→ **Task instructions**
Without the pictures, set down everything in the listing exactly.

→ **Materials provided**

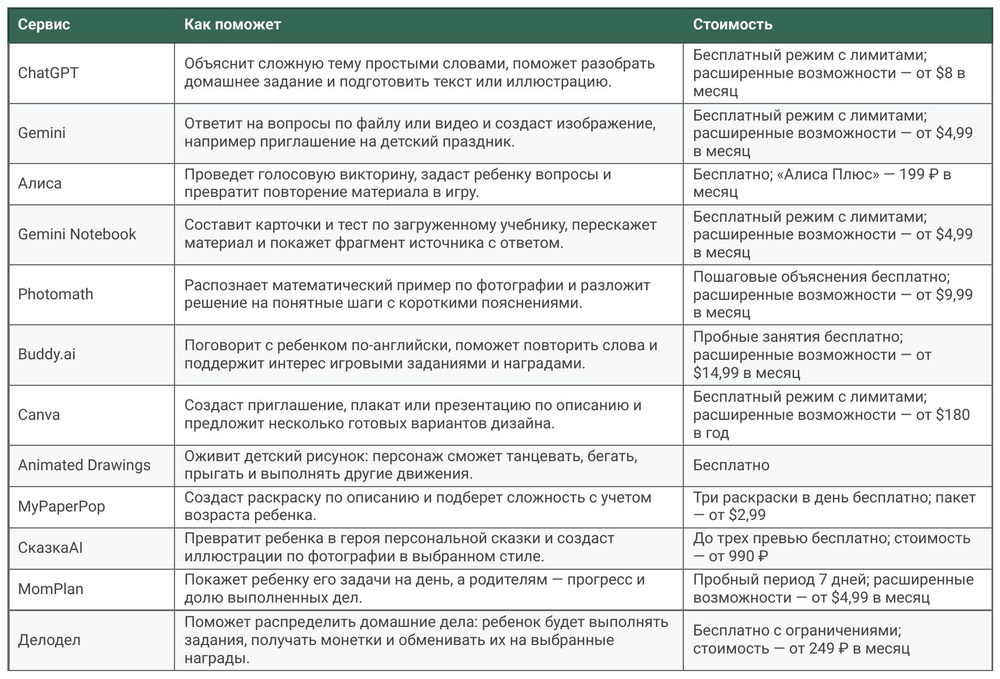 Таблица с 12 нейросетями для родителей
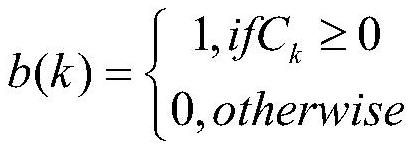 Liveness detection method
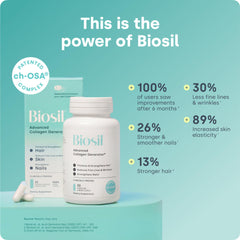 Biosil Collagen Booster skin glow focus highlights potential support for smoother-looking skin.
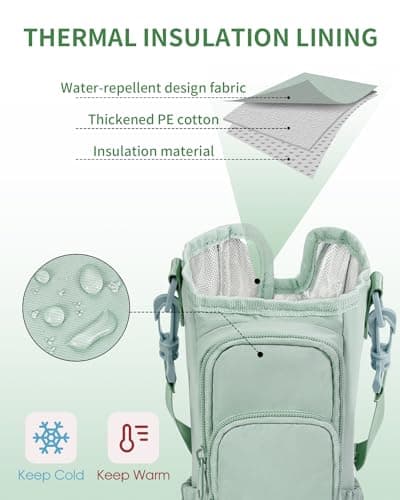 sportsnew Water Bottle Carrier Bag with Phone Pocket for 30oz 40oz Tumbler with Handle Accessories Insulated Water Bottle Holder Pouch with Strap Crossbody with Straw Cover - Thumbnail 5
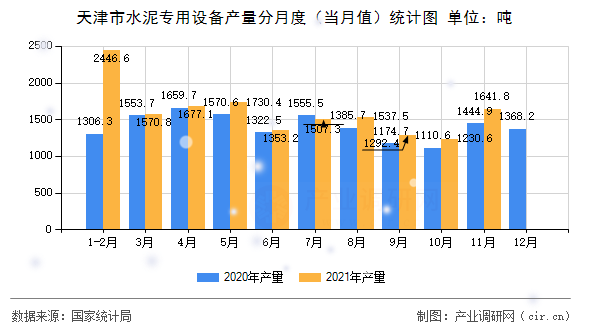 天津市水泥專用設(shè)備產(chǎn)量分月度(當(dāng)月值)統(tǒng)計(jì)圖 天津市水泥專用設(shè)備產(chǎn)量分月度(當(dāng)月值)統(tǒng)計(jì)圖
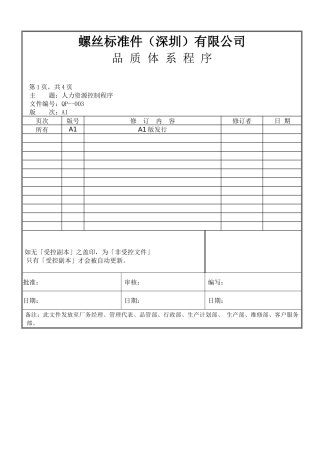 螺丝有限公司ISO90001范本--人力资源控制程序（DOC）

→ **Result of the exercise**
 Таблица с 12 нейросетями для родителей
 Liveness detection method
 Biosil Collagen Booster skin glow focus highlights potential support for smoother-looking skin.
 sportsnew Water Bottle Carrier Bag with Phone Pocket for 30oz 40oz Tumbler with Handle Accessories Insulated Water Bottle Holder Pouch with Strap Crossbody with Straw Cover - Thumbnail 5
 天津市水泥專用設(shè)備產(chǎn)量分月度(當(dāng)月值)統(tǒng)計(jì)圖 天津市水泥專用設(shè)備產(chǎn)量分月度(當(dāng)月值)統(tǒng)計(jì)圖
 螺丝有限公司ISO90001范本--人力资源控制程序（DOC）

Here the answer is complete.